Since President Trump is deep in private real estate, maybe there will be some good things coming to the industry during his administration. 

There were six major themes that President Trump campaigned on the most:

  1. Immigration and the wall
  2. Trade fairness
  3. Tax changes
  4. Healthcare changes
  5. Dodd-Frank changes
  6. De-regulation in general

Other than immigration, President Trump has proven himself to prefer to make policy through the 140 characters in Twitter, instead getting deep into the policy weeds. We need to look to Congress for a legislative blueprint, since President Trump does not seem to have one.

What does the Republican leadership in Congress want do? Specifically what do Paul Ryan in the house and Mitch McConnell in the Senate?

What can they convince the House and Senate to do? 

That is the big question right now with the American Health Care Act. The Republican house is torn between those who think the bill goes too far and those who think it doesn’t go far enough. Many campaigned on just the repeal part. Many others learned that what their constituents didn’t like about Obamacare is that is too expensive. The American Health Care Act only does one of those.

Speaker Ryan has promised a vote on the Republican healthcare bill on Thursday to coincide with the 7 year anniversary of the Affordable Care Act. We’ll see if Speaker Ryan is able to shepherd this very unpopular bill through the House and get enough votes.

Then what?

Most likely tax reform. Speaker Ryan published his “A Better Way” white paper in June of 2016. Unlike the American Health Care Act, legislators have been able to look at this already. Here are some of the highlights. 

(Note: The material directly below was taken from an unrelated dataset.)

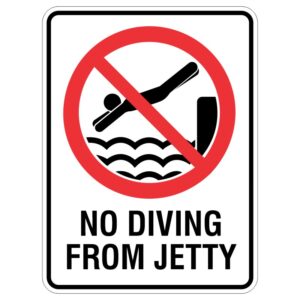 A safety sign featuring a red circle with a diagonal line over an illustration of a person diving into waves, accompanied by the text NO DIVING FROM JETTY underneath.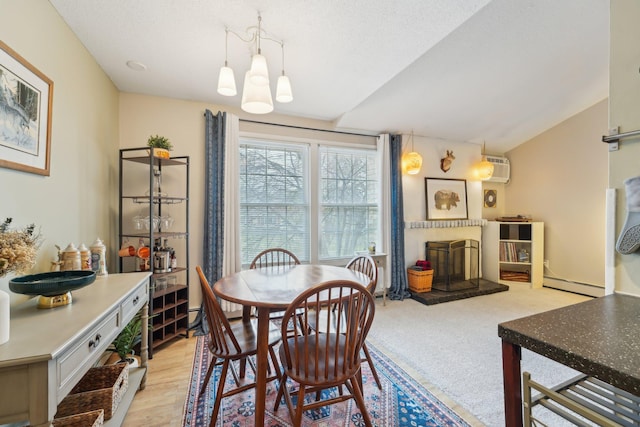 4654 Cedar Lake Rd S Unit 6, Saint Louis Park, MN 55416 - dining space with a notable chandelier, baseboard heating, a fireplace, vaulted ceiling, and a wall mounted AC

  • Biggest change is the Border Adjustment Tax (unlikely to affect real estate directly.
  • Fewer tax brackets
  • Top rate of 33% for individuals 
  • Limit pass-through income from partnerships and LLCs to 25%
  • Lower corporate tax rate to 20%
  • Eliminate deductibility of interest expenses.
  • Individuals only taxed on half of their dividend and capital gains
  • Immediate cost recovery for investments instead of a depreciation schedule. (not clear on real estate)
  • Net Operating Losses can be carried forward and be adjusted for inflation
  • Eliminate the Alternative Minimum Tax,
  • Eliminate the estate tax
  • Eliminated Obamacare taxes (the last one is the healthcare bill)

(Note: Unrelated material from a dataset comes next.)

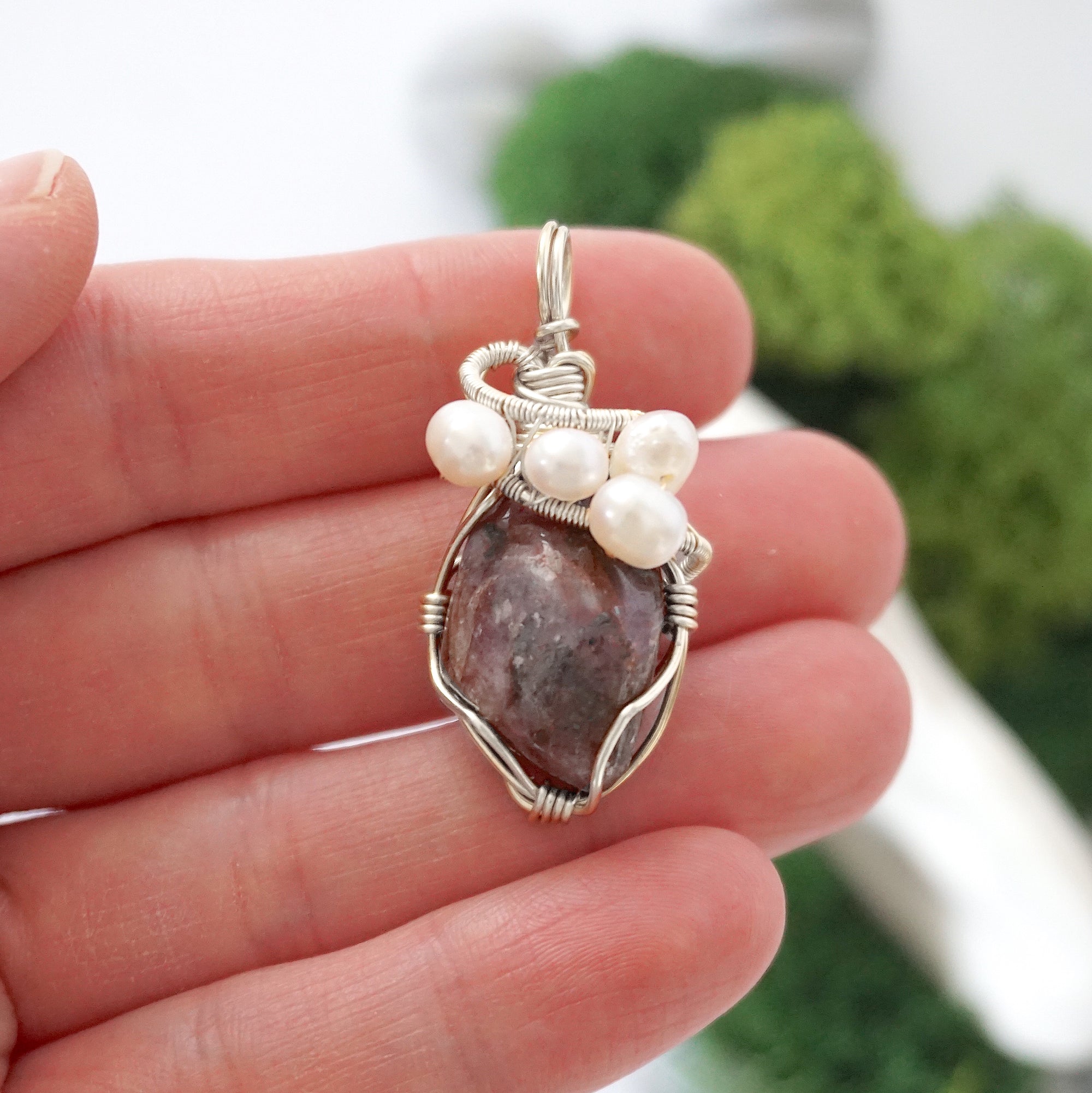 Ruby and freshwater pearl pendant necklace in hand for size reference, silver wire wrapped, handcrafted gemstone jewelry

President Trump mentioned removing favorable treatment of carried interest during the campaign. That is not Speaker Ryan’s blueprint. It’s been threatened before and survived.

After that, or during that, is financial de-regulation. Chairman Jeb Hensarling of the House Financial Services Committee has been working hard on his Dodd-Frank off-ramp for the last six years pushing bits of legislation through his committee and on to the House floor. The  Financial Choice Act has been floating around for a year and packages that work into one package.

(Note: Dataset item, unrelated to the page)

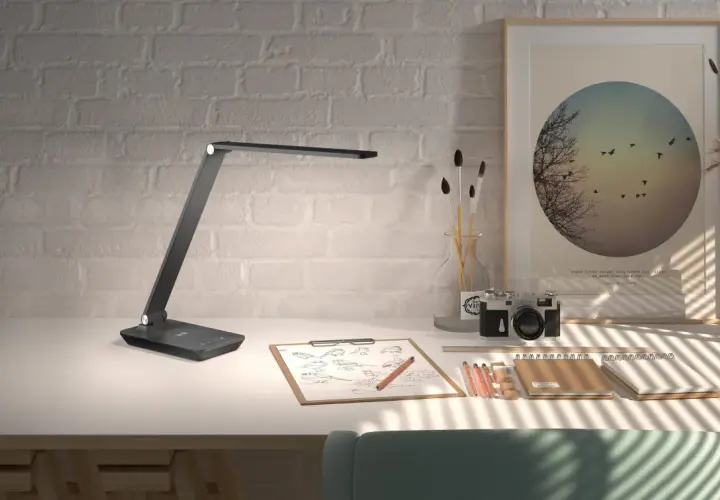 Flexo LED USB moderno sobre escritorio con cámara antigua, bocetos y arte.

“As the dust begins to settle on the post-crisis response, however, there has been a growing recognition that financial regulation has become far too complex and too intrusive and places too much faith in the discretion and wisdom of bank regulators.”

Here are some highlights:

  • Pitch is to help community banks.
  • Adjust capital requirements – removing Basel requirements
  • Make credit more available
  • New Bankruptcy code for financial institutions
  • Repeal FSCO’s Systemically Important Financial Institution designation powers
  • Reform Consumer Financial Protection Bureau
  • Federal Reserve Reform
  • Repeal the Volker Rule
  • Repeal Dodd-Frank registration requirements for private equity firms
  • Expand definition of accredited investor: Same income and net worth tests, but adds financial services experience or some sort of qualifying experience.

As much as the Republicans are campaigning against de-regulation the Financial Choice Act does not define “private equity firms” and requires the SEC to promulgate a new regulation to define it. SEC registration was on the edge during Dodd-Frank, The house version of the bill and the Senate version of the bill took opposite approaches on whether to subject private equity firms to SEC registration. During hearings, private equity kept being equated to leveraged buyouts that bankrupted companies and put people out of work to enrich corporate raiders.

 

I presented the above to PartnerConnect East 2017 yesterday.